Numerical Shape Optimization of Airfoils With Practical Aerodynamic Design Requirements

• Main Author: Buckley, Howard
• Other Authors: Zingg, David W.
• Language: en_ca
• Published: 2009
• Subjects: computational aerodynamics; optimization; airfoil; 0538
• Online Access: http://hdl.handle.net/1807/18223

Practical aerodynamic shape design problems must balance performance optimization over a range of on-design operating conditions with constraint satisfaction at off-design operating conditions. A multipoint optimization formulation can be used to represent on-design and off-design conditions with corresponding objective or constraint functions. Two methods are presented for obtaining optimal airfoil designs that satisfy all design objectives and constraints.

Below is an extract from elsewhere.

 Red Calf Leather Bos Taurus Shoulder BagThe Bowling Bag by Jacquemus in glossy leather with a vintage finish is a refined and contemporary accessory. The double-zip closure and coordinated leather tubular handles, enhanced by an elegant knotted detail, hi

The first method uses an unconstrained optimization algorithm where optimal design is achieved by minimizing a weighted sum of objective functions at each of the conditions. To address competing design objectives between on-design and off-design conditions, an automated procedure is used to weight off-design objective functions to limit their influence on the overall optimization. The second method uses the constrained optimization algorithm SNOPT, allowing aerodynamic constraints imposed at off-design conditions to be treated explicitly. Both methods are applied to the design of an airfoil for a hypothetical aircraft, which is formulated as an 18-point multipoint optimization.